Source: Vocalpoint at www.vocalpoint.com
This week, Mary Lynn from the Vocalpoint team shares a recipe from her grandmother. It’s the first of several recipes you’ll see over the next few months that feature stories from the families of your leading ladies at Vocalpoint!
My Grandma Berling (my mom’s mother) used to make these delicious egg dumplings and she’d serve them over chicken and vegetables or pork and sauerkraut – a German dish. She had 9 children (my mom was #8!) so grandma always needed to feed a small army.
She and my grandpa owned a dairy – The Berling Dairy – and grandpa would be working all day at the dairy while the girls scooped ice cream at the dairy and the boys drove milk trucks — back when milk was delivered door-to-door! My grandma would get home in time to cook a hearty meal to feed the family and this was one of her favorites. Like many from her generation, my grandma didn’t actually use a recipe…she knew it by heart and would use a pinch of this and a dash of that.

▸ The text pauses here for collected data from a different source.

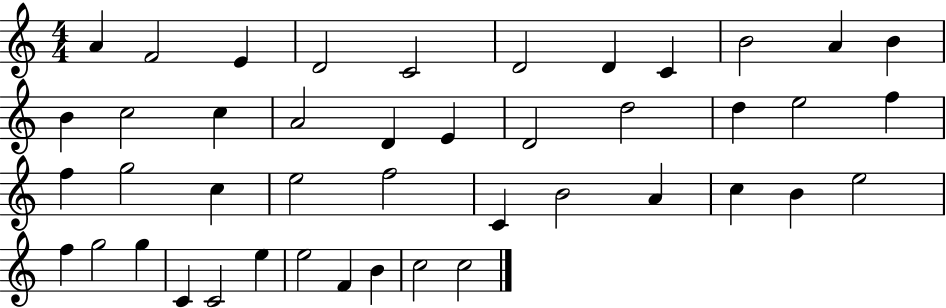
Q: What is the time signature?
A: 4/4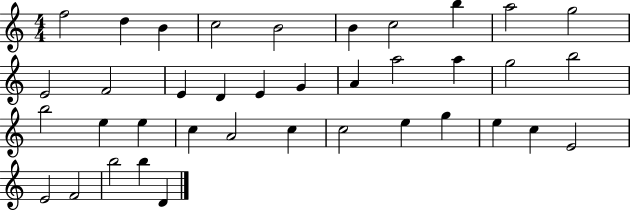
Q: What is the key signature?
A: C major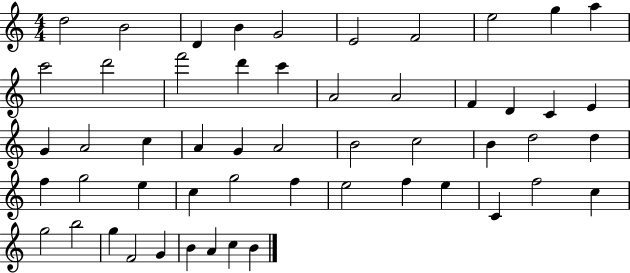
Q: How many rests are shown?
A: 0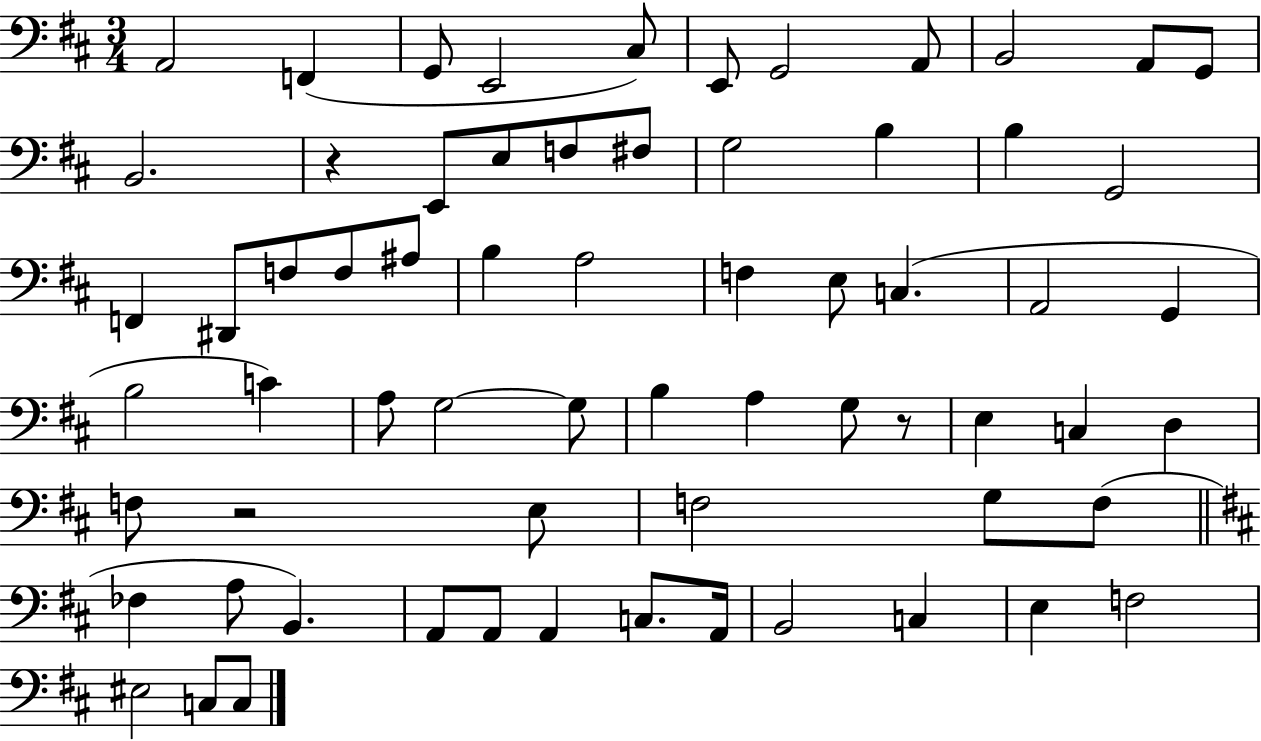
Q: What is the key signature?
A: D major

This recipe is the one that most closely resembles what grandma used to make! My mom has continued the tradition and makes this for our family as well. Enjoy!
Makes anywhere from 10-15 dumplings, depending on how large your spoonfuls are!
Ingredients 1 1/2 C flour 2 small eggs, beaten 1/2 C water Dash of salt
Directions Mix ingredients and stir until smooth. Drop from wet teaspoon into boiling soup or salted water. Cook uncovered until dumplings come to top.